-- Opening Marker --

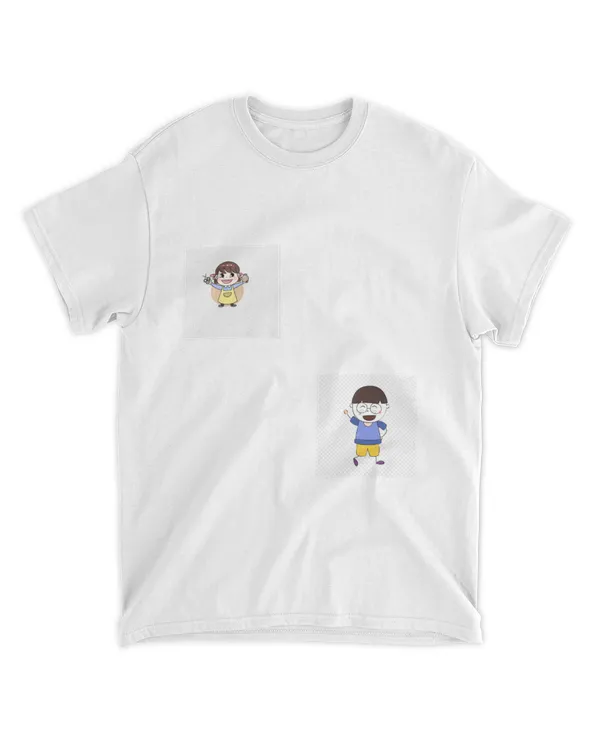 Unisex Standard T-Shirt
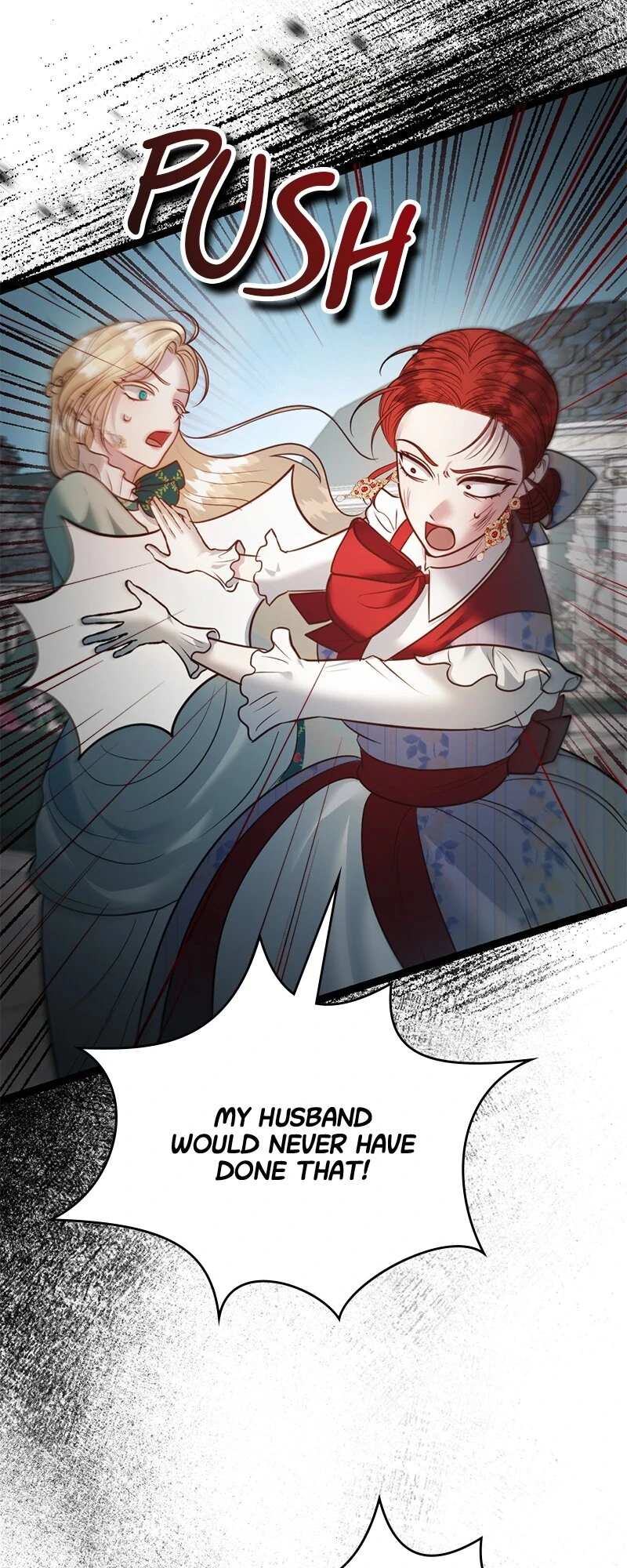 Becoming a Wicked Witch With a Paladin’s First Night Chapter 25 313 ch 25 30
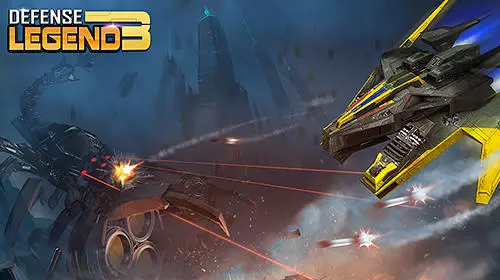 defense legend 3 future war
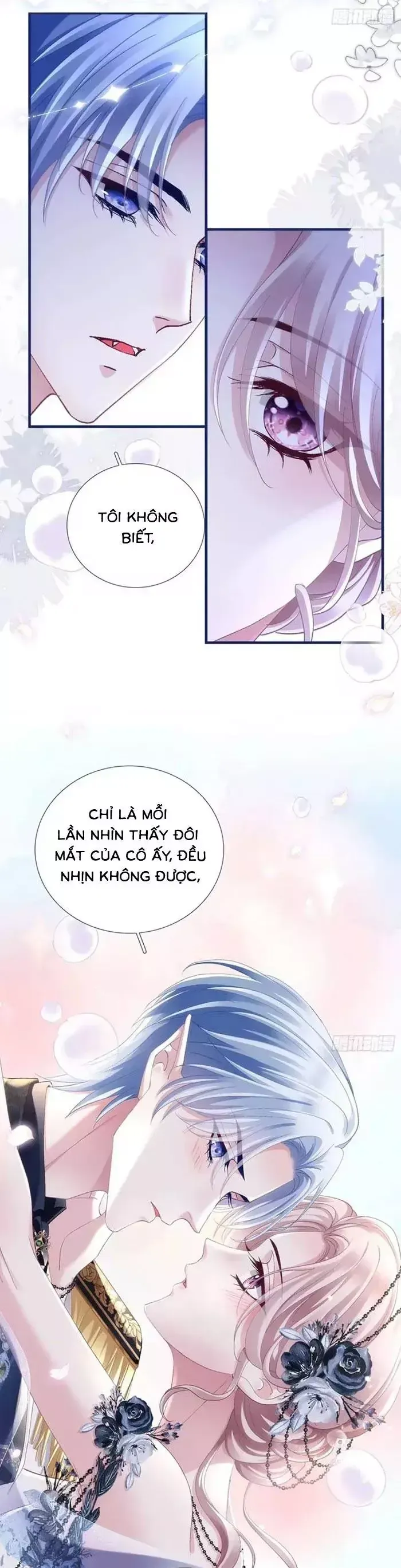 Ma Nữ Trở Lại Và Cuộc Hôn Nhân Định Mệnh Chapter 41 - 6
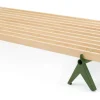 Bett Simplon - 90 cm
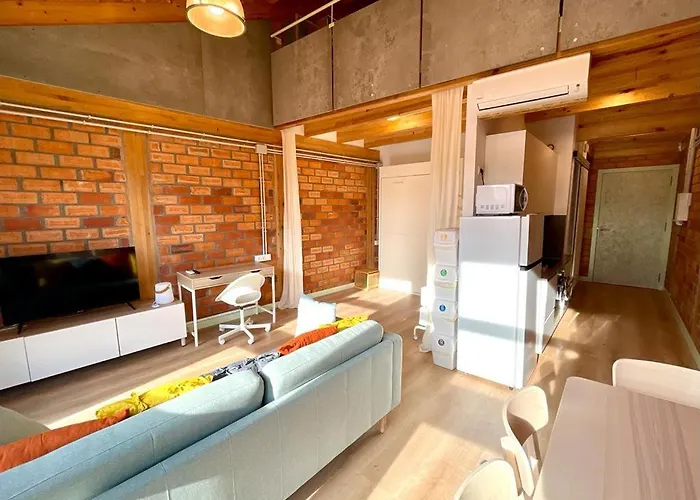 Edificio Amalia Rosina 4ºa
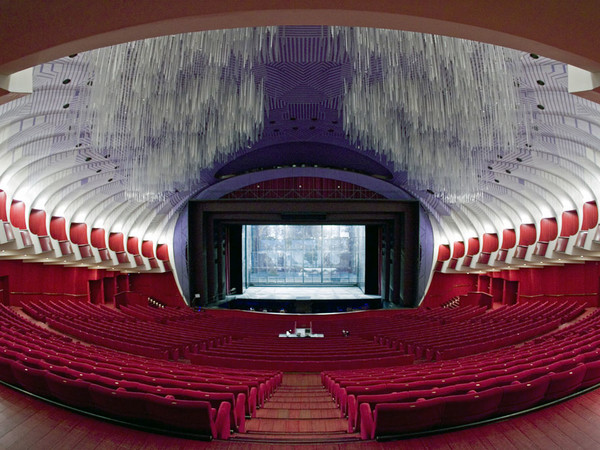 Teatro Regio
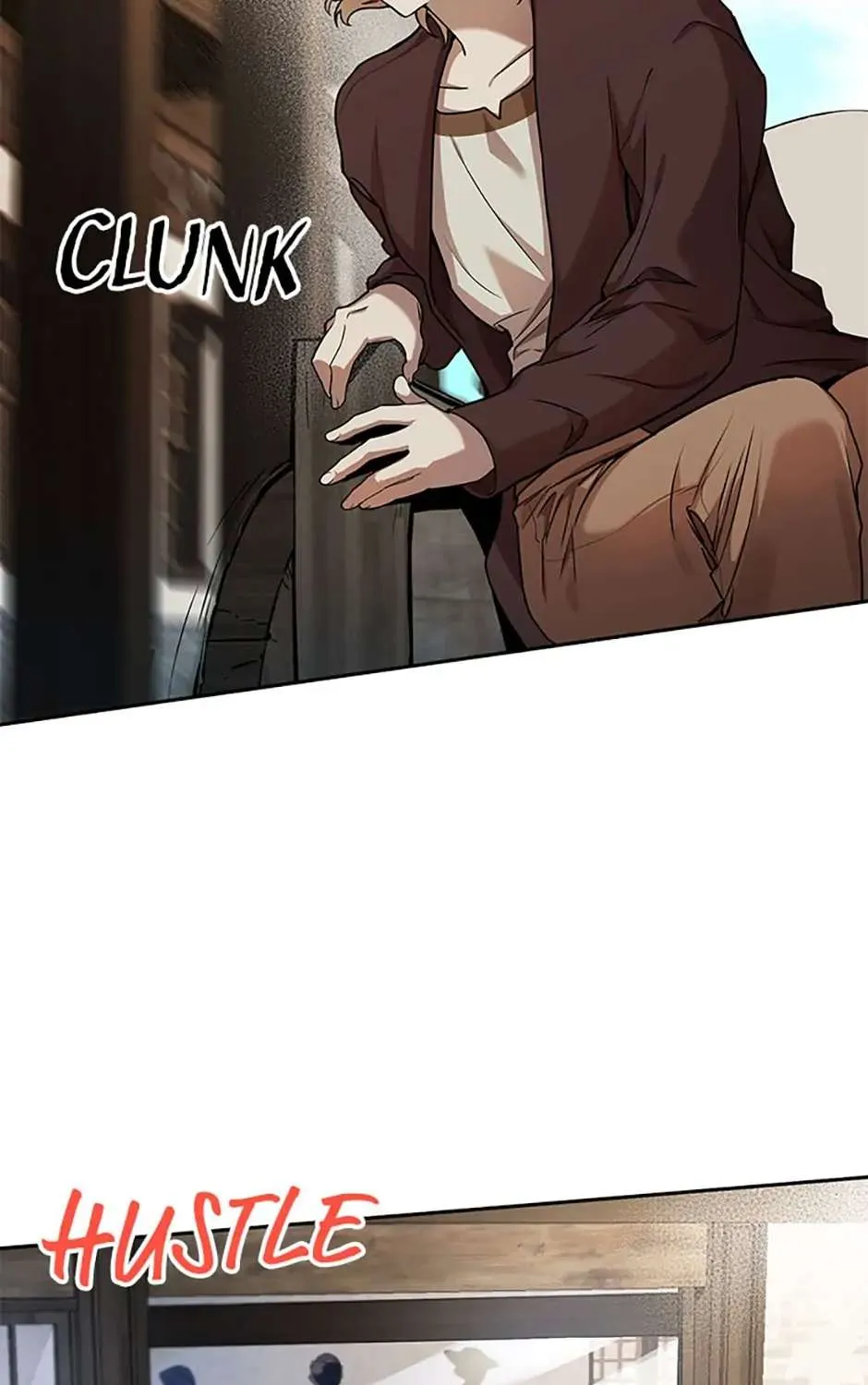 Read The Infinite Mage chapter 1 image 117 on Lezhin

-- Closing Marker --

▸ What is required
With pictures omitted, copy exactly the lines from the one containing "Becoming a Wicked" through the final line of the listing, both included.

▸ Response area
 Becoming a Wicked Witch With a Paladin’s First Night Chapter 25 313 ch 25 30
 defense legend 3 future war
 Ma Nữ Trở Lại Và Cuộc Hôn Nhân Định Mệnh Chapter 41 - 6
 Bett Simplon - 90 cm
 Edificio Amalia Rosina 4ºa
 Teatro Regio
 Read The Infinite Mage chapter 1 image 117 on Lezhin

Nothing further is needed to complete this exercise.